In the early 20th century, the Metropolitan Water Reclamation District of Greater Chicago (MWRD) built big intercepting sewers to redirect the sewage to new wastewater treatment plants. Our treatment plants clean sewage and release clean water to the river. This system works great in dry weather, but when it rains heavily, the intercepting sewers and treatment plants can get overloaded and sewage follows the original path of the sewers and overflows into the river. These combined sewer overflows pollute the water and also increase the danger of flooding.
As development spread through the Chicago area in the early 20th century, paved surfaces sent more and more amounts of stormwater runoff into the combined sewer system. By the 1960s, Chicago area sewers were overflowing to the river more than 100 days a year and flooding had become an ongoing problem. After years of studying the problem, in 1972 the MWRDGC adopted the Tunnel and Reservoir Plan, also known as TARP or “The Deep Tunnel” to solve the pollution and flood control problem plaguing the Chicagoland area. TARP is a system of deep, large diameter tunnels and vast reservoirs designed to reduce flooding, improve water quality in Chicago area waterways and protect Lake Michigan from pollution caused by sewer overflows.
Bio:
Kevin Fitzpatrick has been a professional engineer working in the water resources field for 25 over years.

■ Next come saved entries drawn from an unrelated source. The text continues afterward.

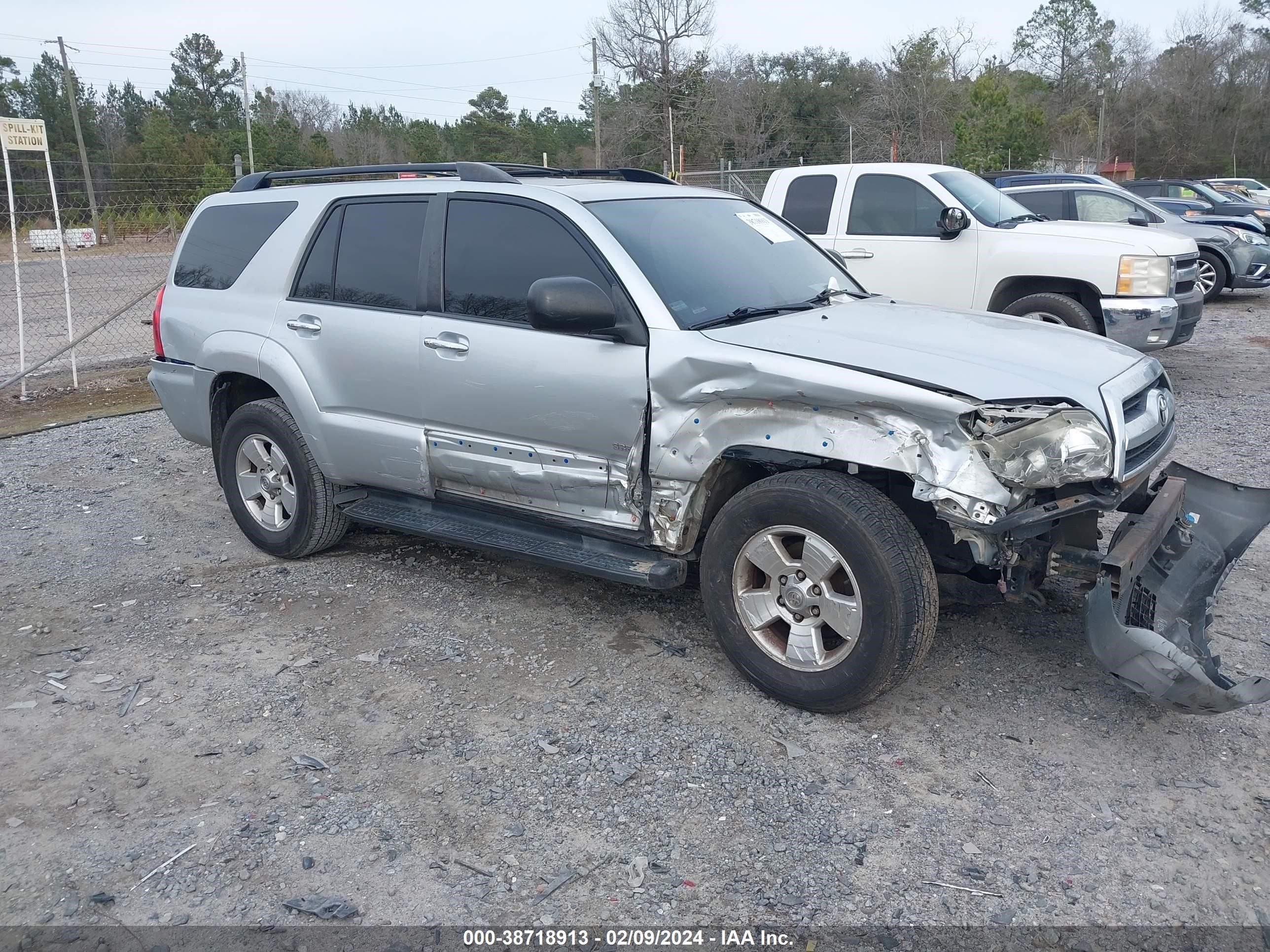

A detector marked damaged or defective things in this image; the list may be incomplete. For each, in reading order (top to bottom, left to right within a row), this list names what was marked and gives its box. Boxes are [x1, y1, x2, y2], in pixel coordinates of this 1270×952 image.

damaged hood [701, 298, 1148, 416]
exposed headlight housing [970, 408, 1112, 487]
damaged front end of suv [955, 368, 1270, 711]
exposed headlight housing [1123, 255, 1168, 297]
detached bumper piece on ground [1082, 462, 1270, 715]
crumpled front fender [1082, 462, 1270, 715]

He has a Bachelor of Science in Civil Engineering from the University of Illinois and a Master of Science in Environmental Engineering from the University of North Carolina. Mr. Fitzpatrick spent 3 years as a consulting engineer, designing drinking water and wastewater treatment facilities, before joining the Metropolitan Water Reclamation District of Greater Chicago in 1999.

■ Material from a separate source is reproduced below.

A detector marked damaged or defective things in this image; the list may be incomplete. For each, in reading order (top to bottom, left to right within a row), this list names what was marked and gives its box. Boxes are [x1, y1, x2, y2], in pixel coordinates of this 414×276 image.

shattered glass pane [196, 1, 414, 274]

Since joining the District, Mr. Fitzpatrick spent two years in the Maintenance and Operations Department before moving to the Engineering Department as a project engineer and then project manager for large infrastructure projects. In his current job as Assistant Director of Engineering, Mr. Fitzpatrick manages the work of approximately 100 engineers and technical staff in the Infrastructure and Management Division of the Engineering Department. This work includes stormwater management projects, collection systems projects including the $3.8 billion Tunnel and Reservoir Plan along with intercepting sewer rehabilitation, and administering the Watershed Management Ordinance to regulate development and local sewer construction.